Excerpts from a dataset
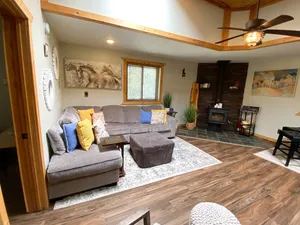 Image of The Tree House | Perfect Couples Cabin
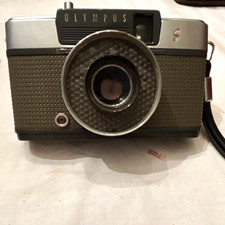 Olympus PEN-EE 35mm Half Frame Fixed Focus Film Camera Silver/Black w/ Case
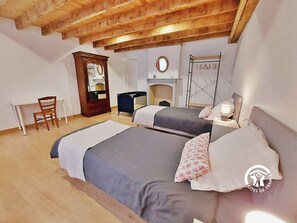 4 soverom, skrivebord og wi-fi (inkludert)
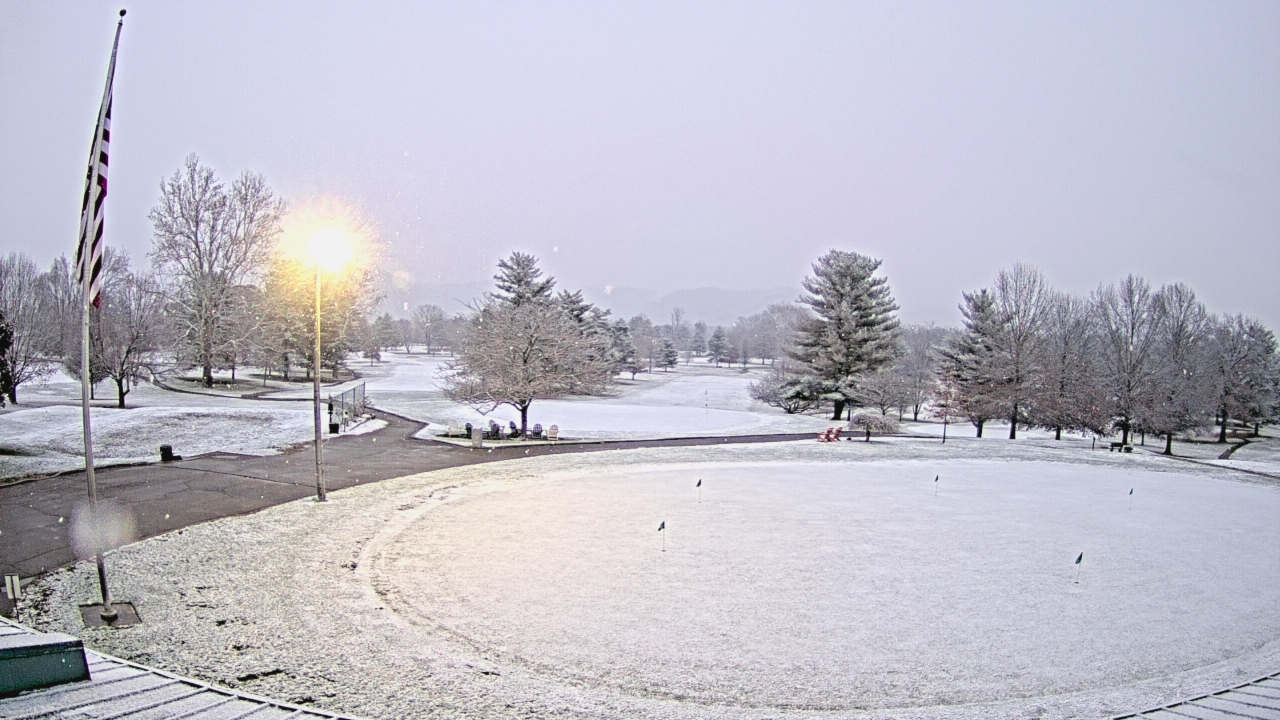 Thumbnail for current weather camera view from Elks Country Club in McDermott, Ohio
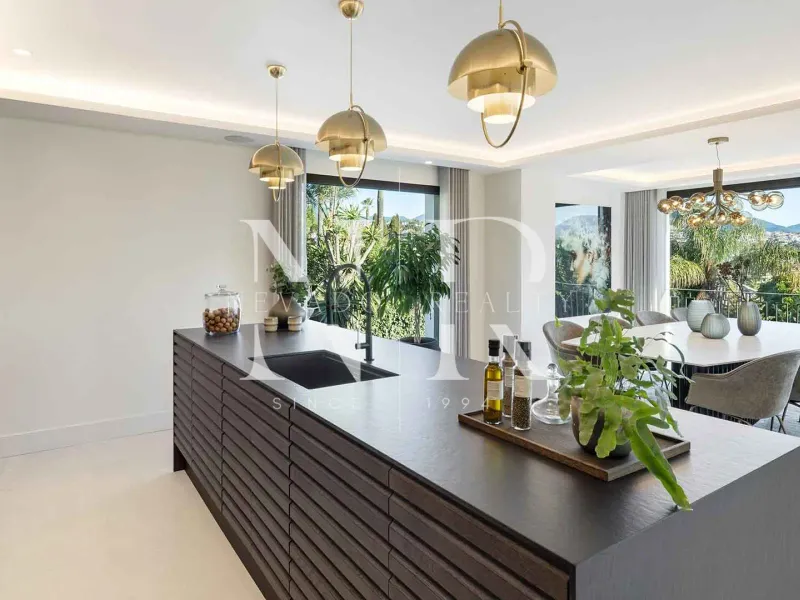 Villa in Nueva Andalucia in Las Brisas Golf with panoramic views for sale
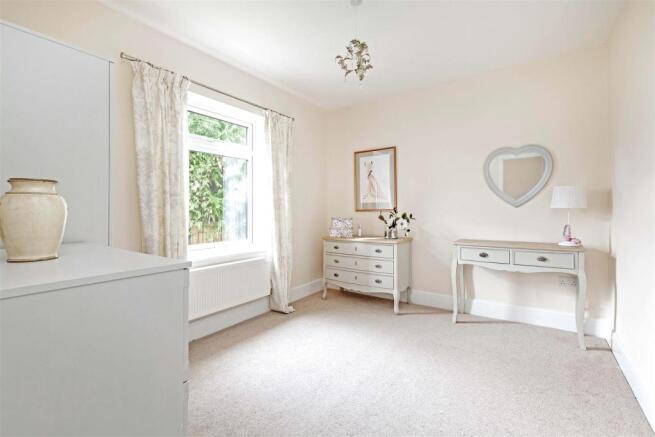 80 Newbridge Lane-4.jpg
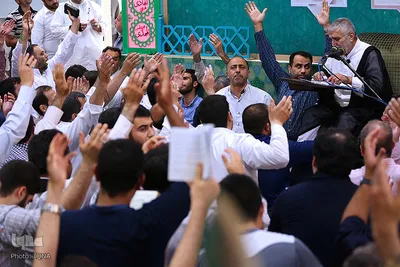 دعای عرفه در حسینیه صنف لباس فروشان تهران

• _WHAT THIS TASK INVOLVES_
Repeat the data word for word, minus any pictures.

• _EXPECTED ANSWER_
 Image of The Tree House | Perfect Couples Cabin
 Olympus PEN-EE 35mm Half Frame Fixed Focus Film Camera Silver/Black w/ Case
 4 soverom, skrivebord og wi-fi (inkludert)
 Thumbnail for current weather camera view from Elks Country Club in McDermott, Ohio
 Villa in Nueva Andalucia in Las Brisas Golf with panoramic views for sale
 80 Newbridge Lane-4.jpg
 دعای عرفه در حسینیه صنف لباس فروشان تهران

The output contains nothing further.